I came upon self-directed learning via homeschooling. I fell in love with the flexibility of homeschooling so much that I started leaning entirely into my kids’ interests. I found it invigorating to let go of other people’s timelines and subject categories, schedules, and benchmarks, and start making rhythms and setting goals based on our family’s needs and values. My passion for “unschooling” (as I came to learn that was what I was doing) led me to start my own center for self-directed learning. I believed deeply in cultivating space for kids to be curious, follow intrinsic motivation, learn from their interests, and develop the skills of self-reflection in place of constant external evaluation.
In our first year running our microschool, I was blessed to partner up with several families who believed in this vision as well. They were happy to see their kids thriving as we put less pressure on academics, and gave them space to grow emotionally, socially, and physically and to develop a variety of skills through passion projects and experiences. We took lots of photos to commemorate our events and projects, but I was running things more like a homeschool co-op at that time. I would send parents photos here and there that I thought they would enjoy, but we didn’t have any official record-keeping or documentation. The smiles on the kids’ faces and their desire not to have school end were our measures of success.
Things shifted in our second year because we more than doubled our enrollment, and most of our families were paying their tuition using taxpayer-funded education savings account (ESA) scholarships. In order to qualify for families to use ESAs, we had to get our program approved as the primary source of our students’ academic instruction. I still believed strongly in the value of kids doing project-based learning, of integrating academic subjects and applying academic skills in real-world ways, following their interests. My families believed in this, too, and had come to me for that very experience. But the new regulations governing the ESA funding left me feeling more pressure to justify and quantify the learning of our students in a more formalized way. I needed a solution that would help me easily document all the amazing self-directed learning I saw happening every day, and translate it into measurable academic growth. I did not want it to increase my workload too greatly, and more importantly, I did not want it to turn learning into something that is constantly judged.
After three months of what I thought was “subtle documentation,” this 7-year-old made me realize it hadn’t been so subtle. His question made me ask myself: Why am I taking all these photos all the time? And what is the experience of the children being photographed? What is their experience when they go home? Do these photos serve for parental evaluation? Are kids wondering if they are curious about the “right” things? Choosing the “right” ways to spend their time here? Doing “enough” projects? The Hawthorne effect (sometimes referred to as the observer effect) states that individuals modify an aspect of their behavior in response to their awareness of being observed. I wondered: Is it possible to create a space where kids feel genuinely free to explore, and still document all the growth happening behind the scenes? Does it matter if kids feel observed?

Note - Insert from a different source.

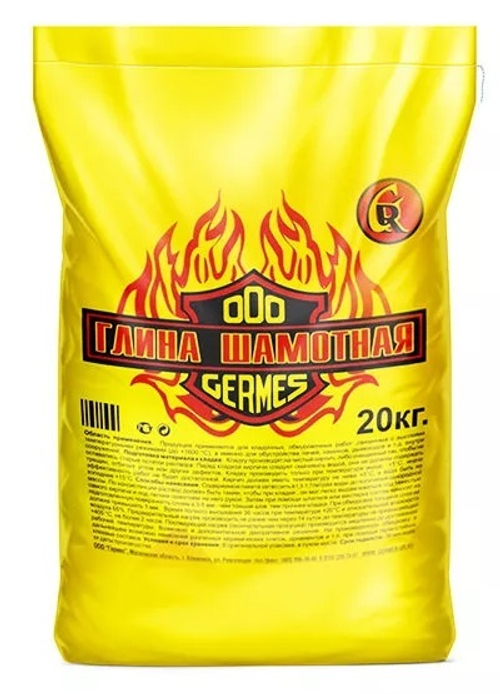 Глина шамотная 20 кг Гермес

The solution I found for documentation is called Prism, and I took my question to its creator, Tomis Parker, who also created the Agile Learning Center (ALC) network, of which my microschool is a part. His reframe of the documentation process reminded me of all the things I love about unschooling. Growth is a relational experience. That means that relationships matter whether they are between kids and what they are exploring or learning, between kids and educators, kids and their parents, and even kids and the documentation process. And we, as their guiding adults, shape those relationships. Tomis presented the idea of celebration culture to me.
In traditional documentation frameworks, we ask:
- Did they complete the assignment correctly?
- Can they prove they know the material on a test?
It is focused on assessing the students by comparing them to standards.
In a self-directed learning environment, we want to ask:
- What are they exploring, and how can I help them take it deeper?
- What are they building, and what new tool might I introduce to help them go farther?
- What are they discovering, and what related interests might I introduce?
Thus, the role of documentation in my learning environment should serve three purposes first and foremost:
- Celebrate with the students.
- Help me be a better guide by helping me be curious about the students, see patterns, and respond to their interests.
- Quietly build a portfolio of the students’ growth and interests over time to help them with their chosen future endeavors.
Documentation and reporting aren’t going away for me, and honestly, this mindset shift has helped me see it as a healthy tool for growth. My goal is to help kids use documentation to build the skills of self-reflection. Documentation at The Treehouse is for noticing, sharing excitement, telling the story of learning, and ultimately, helping kids own their narratives.